I am new to Prodigy and haven't fully figured out the paradigm. For a project, I would like to manually annotate names from texts. My team has developed our own model to recognize the names, so I only want to use the annotated texts (produced with Prodigy) as a golden standard for our model.
To do so, I have a csv file texts.csv
with the text in one of the columns. Do I need to convert this file into a json, or can I also run Prodigy on the csv file?
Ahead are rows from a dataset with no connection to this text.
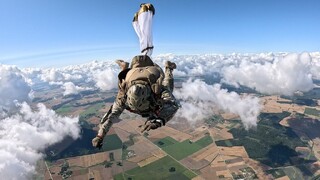 Prostějovští vojáci přizvali k seskokům Litevce, během Jump Week jich provedli přes 160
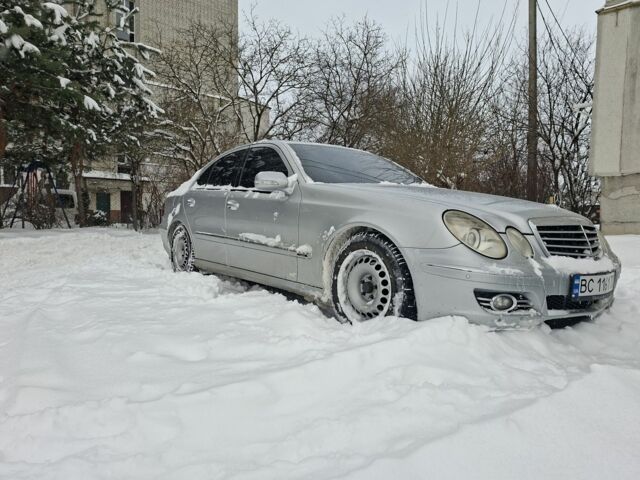 Серый Мерседес 320, объемом двигателя 3 л и пробегом 383 тыс. км за 9450 $, фото 1 на Automoto.ua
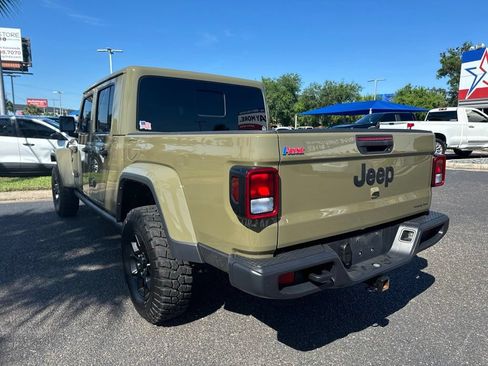 Used 2025 Jeep Gladiator Sport AWD/4WD image 3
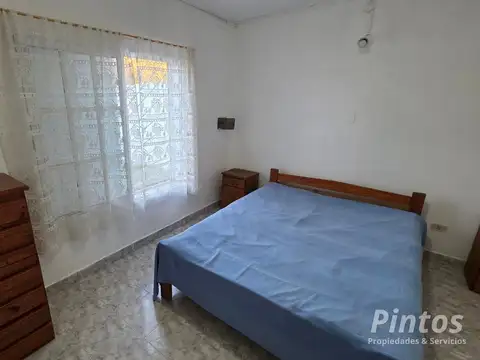 Casa 7 ambientes con 1 baño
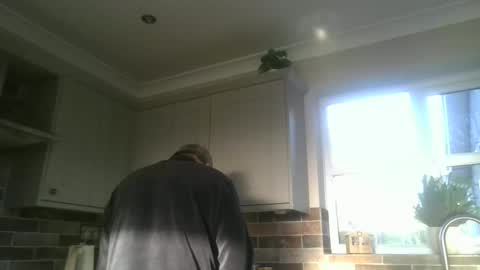 Snapshot of martinrgbxxxx chatting on 12.22.24 martinrgbxxxx online show from 12.22.24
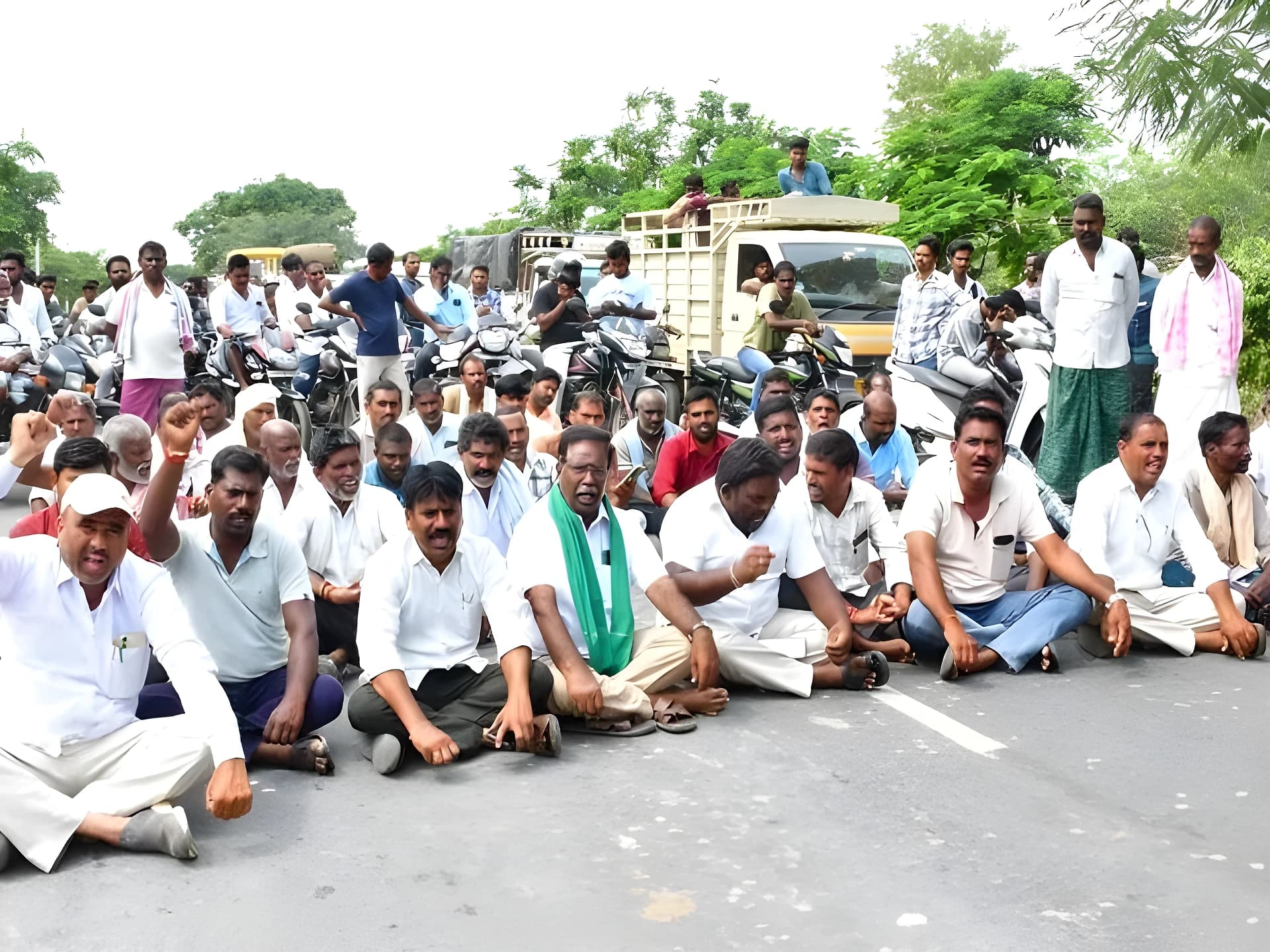 విద్యుత్ కోతలపై రోడ్డెక్కిన రైతులు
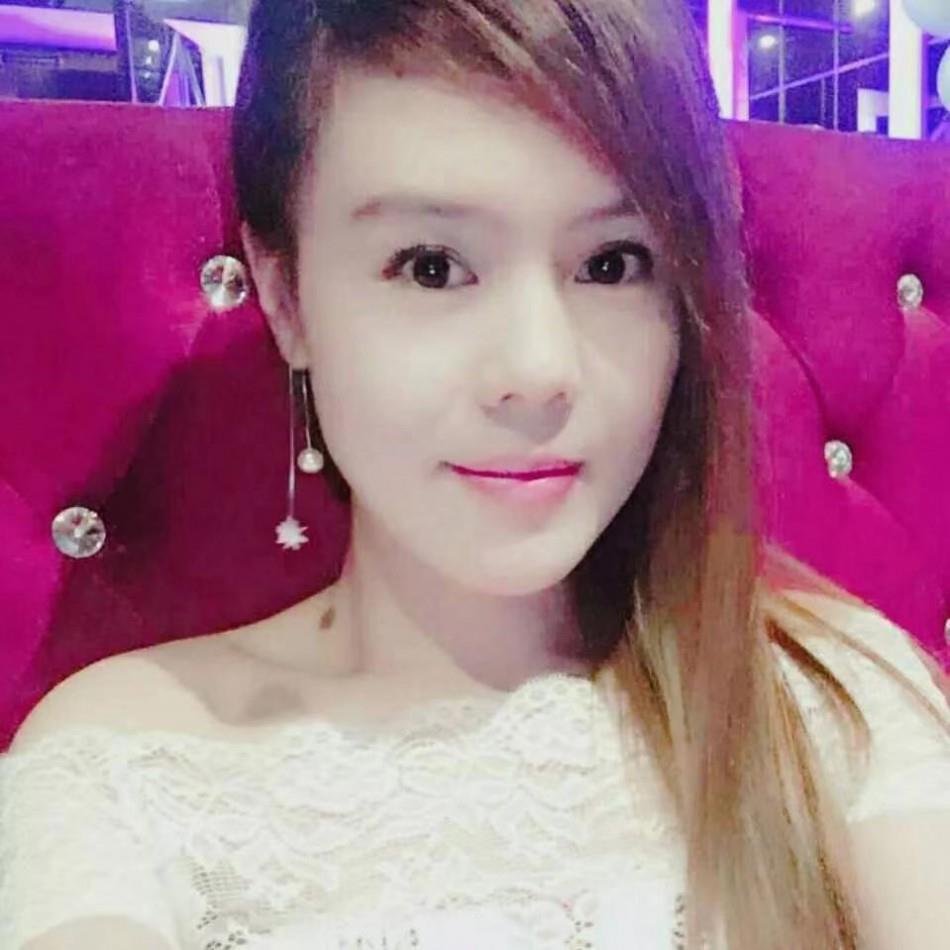 香坊少妇泄火 第1张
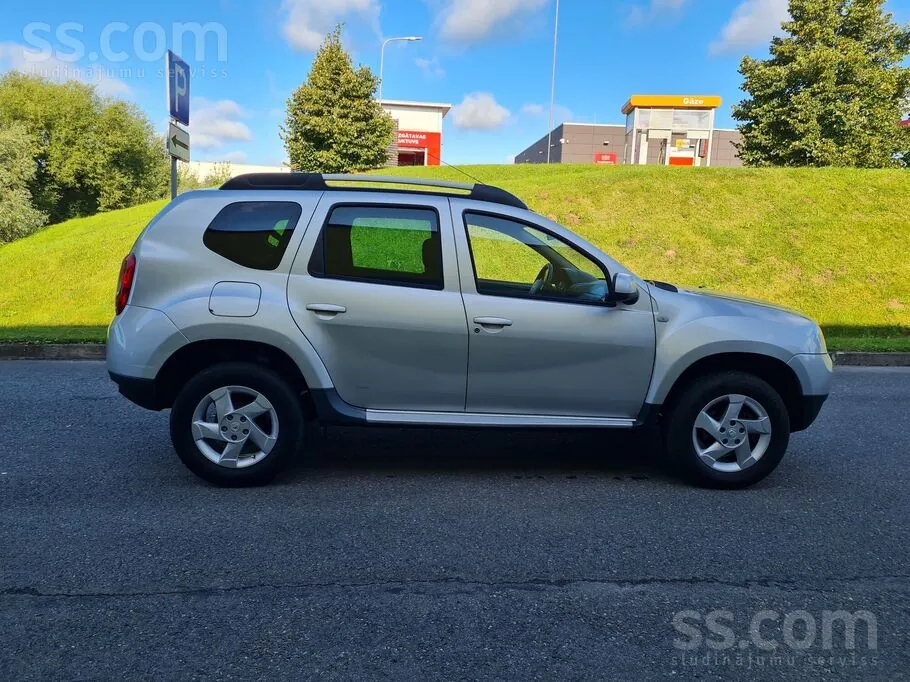 Dacia Duster 2010 photo 4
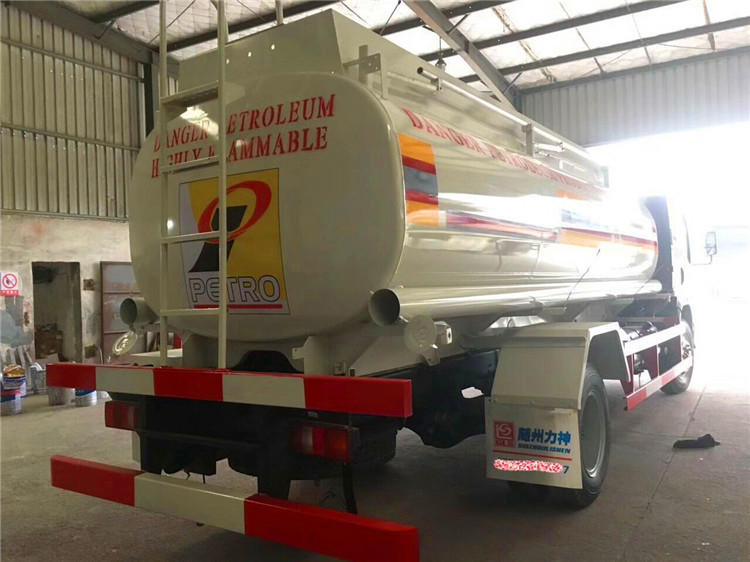 camion di rifornimento di carburante dell'aeroporto 10m3 autocisterna mobile 10000L dell'olio di 90 km/ora con l'erogatore del combustibile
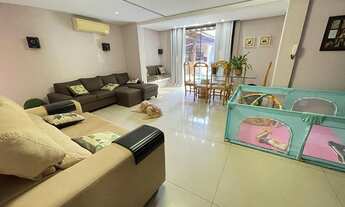 Imagem 7: Casa com dois lotes, 4 suítes, em área tranquila de Fradinhos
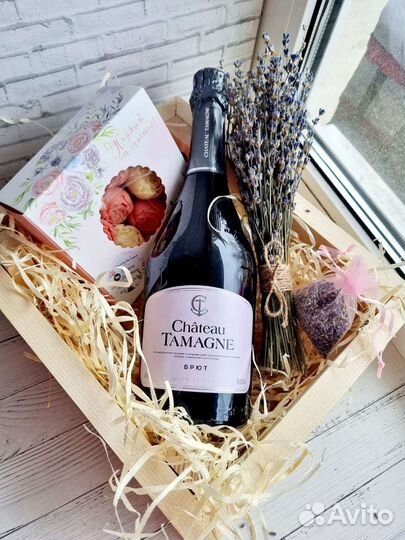 Подарочная корзина/ящик/набор на 8 марта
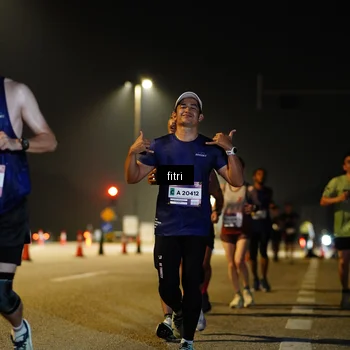 Runner Photo 7413285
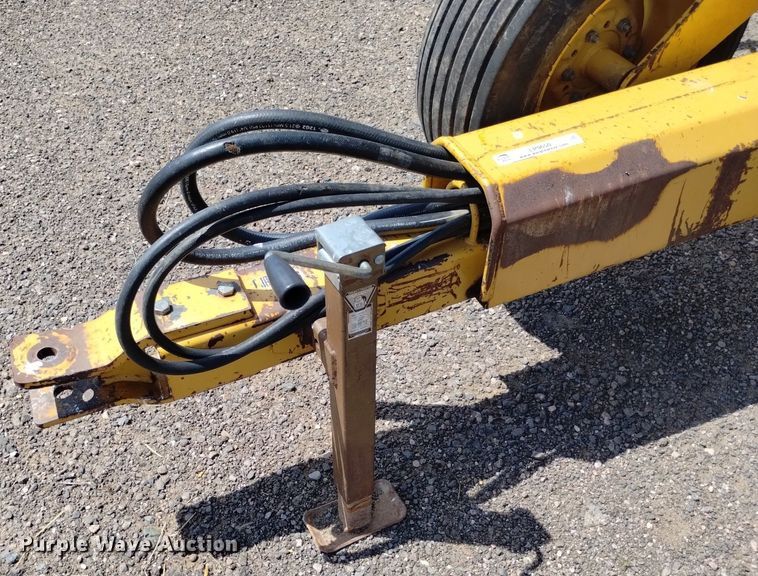 image for item LP9650 Vermeer R24A  hay rake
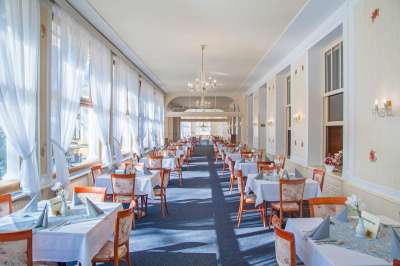 Restaurace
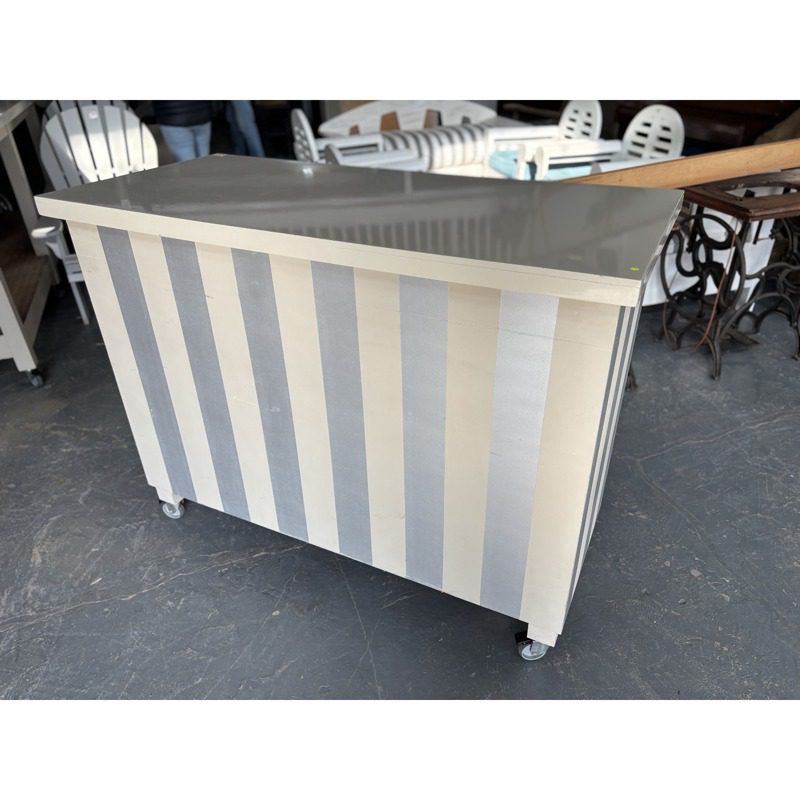 Mobile Taupe/White Kitchen Island with 3 Drawers & Castors - Image 3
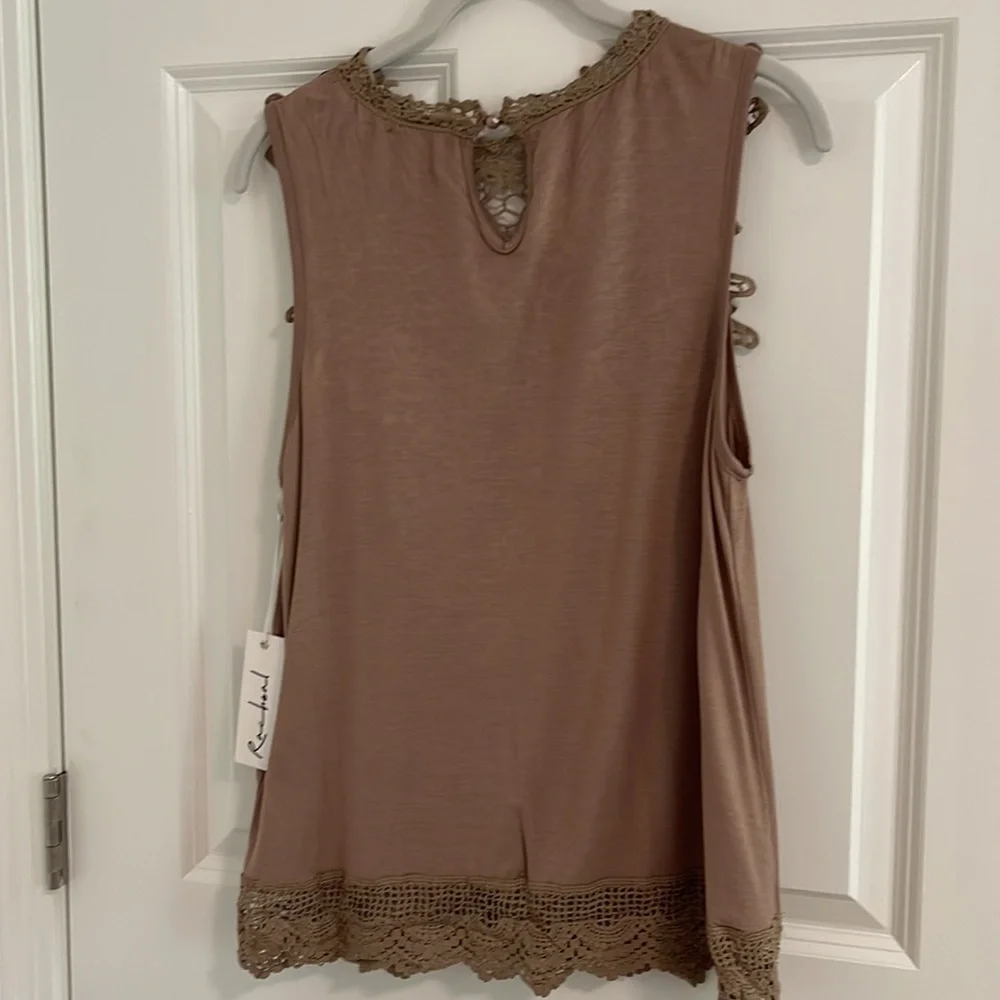 NWT Racheal Top - Picture 5 of 5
Also, what is the code that I need to run to start the ner_manual
with this dataset?
I suppose, I have to start with:
!python -m prodigy ner.manual
However, it is unclear to me how I should run the rest. Can someone help me with this?
File Format
I believe for the recipes that say "Text Source" you can use jsonl, json, csv, or txt (reference the section that says "Text Source": https://prodi.gy/docs/api-loaders). Ner.manual says "Text Source" so I think it should work. (reference: https://prodi.gy/docs/recipes#ner-manual)
ner.manual
In regards to running ner.manual try taking a look at this documentation https://prodi.gy/docs/
The documentation contains a good example:
python -m prodigy ner.manual ner_news_headlines blank:en ./news_headlines.jsonl --label PERSON,ORG,PRODUCT,LOCATION
I'm also pretty new to prodigy so someone else may have a better answer.